No Evangelho é anunciado como "bem-aventurados os misericordiosos, porque obterão misericórdia". Cristo anuncia uma certeza: a obtenção de misericórdia. Mas como? Há um condicionamento: antes de obtermos misericórdia, temos que ser misericordiosos. E por que é desta forma e não de outra? É que nada nos vem de mão beijada. Tudo depende de um esforço anterior. "Para que o náufrago se salve, ele tem que se despojar de seus pertences", diz o anexim. Em se tratando da misericórdia, temos que nos despojar do nosso eu, do nosso amor próprio, da nossa personalidade. Somente assim conseguiremos adentrar no reino de Deus.

Este texto evangélico traz também a hipérbole: "não sete vezes, mas setenta vezes sete vezes". Como sabemos, esta foi a resposta dada por Cristo à indagação de Pedro: "quantas vezes devo perdoar o meu semelhante? Sete vezes?" A resposta de Jesus: "Não sete vezes, mas setenta vezes sete vezes". Quer dizer, indefinidamente. Isso significa que Jesus não tolera limites além dos quais o amor próprio e a dureza reclamam os seus direitos. Quando não perdoamos, o nosso coração fica jungido ao ódio, o que dificulta a libertação do Espírito.

Diz-se muitas vezes que os misericordiosos enfraquecem a justiça. É falso tal pensamento. O perdão é um ato de força. E força não quer dizer dureza. Além do mais, o perdão do ofensor não nega a sua culpabilidade. Devemos perdoar não porque a pessoa o mereça, mas porque faz bem à nossa alma. Por isso, o fato de se perdoar é uma espécie de libertação, porque ficamos desagravados e os nossos pensamentos menos felizes a respeito de tal pessoa são substituídos por pensamentos criativos e altruístas, mais específicos para a construção de um mundo mais feliz e harmonioso.

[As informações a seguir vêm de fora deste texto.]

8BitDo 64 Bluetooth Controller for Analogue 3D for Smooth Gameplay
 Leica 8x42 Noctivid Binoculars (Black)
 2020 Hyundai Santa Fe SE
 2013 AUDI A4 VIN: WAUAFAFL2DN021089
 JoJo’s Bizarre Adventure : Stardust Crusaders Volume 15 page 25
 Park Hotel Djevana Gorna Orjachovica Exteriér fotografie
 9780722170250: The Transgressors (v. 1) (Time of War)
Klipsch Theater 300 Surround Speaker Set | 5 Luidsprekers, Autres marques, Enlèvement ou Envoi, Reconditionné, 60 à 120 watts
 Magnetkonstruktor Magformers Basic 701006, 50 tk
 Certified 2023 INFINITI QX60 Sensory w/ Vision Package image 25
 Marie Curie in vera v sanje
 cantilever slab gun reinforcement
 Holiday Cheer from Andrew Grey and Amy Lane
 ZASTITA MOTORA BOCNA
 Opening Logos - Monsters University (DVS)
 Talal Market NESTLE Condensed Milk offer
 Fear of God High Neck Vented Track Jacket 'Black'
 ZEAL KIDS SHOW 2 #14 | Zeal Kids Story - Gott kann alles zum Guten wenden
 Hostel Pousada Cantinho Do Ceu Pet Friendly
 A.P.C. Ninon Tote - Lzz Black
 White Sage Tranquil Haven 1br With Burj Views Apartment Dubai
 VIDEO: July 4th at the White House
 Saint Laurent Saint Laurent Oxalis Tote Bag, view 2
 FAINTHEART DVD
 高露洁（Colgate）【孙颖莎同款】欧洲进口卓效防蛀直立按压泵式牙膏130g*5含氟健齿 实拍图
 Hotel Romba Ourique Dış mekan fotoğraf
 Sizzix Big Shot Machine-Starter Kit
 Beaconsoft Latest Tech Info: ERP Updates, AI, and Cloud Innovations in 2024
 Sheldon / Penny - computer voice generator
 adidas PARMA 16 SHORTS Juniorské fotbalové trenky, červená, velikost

Há ainda um fato a ser reconhecido: a maneira de triunfar da ofensa é recusarmos a considerar-nos ofendidos. Foi esta a razão pela qual Gandhi, quando questionado se já tinha perdoado alguém, ele simplesmente disse que nunca tinha perdoado ninguém, porque nunca se sentira ofendido. Se ele não se sentiu ofendido, não tinha o que perdoar. Mas para atingir esse estado de alma, há muita luta, muita mudança interior a ser realizada.

A misericórdia não deve ser aplicada em função deste ou daquele ser humano. Ela deve ser uma disposição da alma, um hábito concreto que procura identificar-se com os padrões morais estabelecidos pelo nosso mestre Jesus Cristo.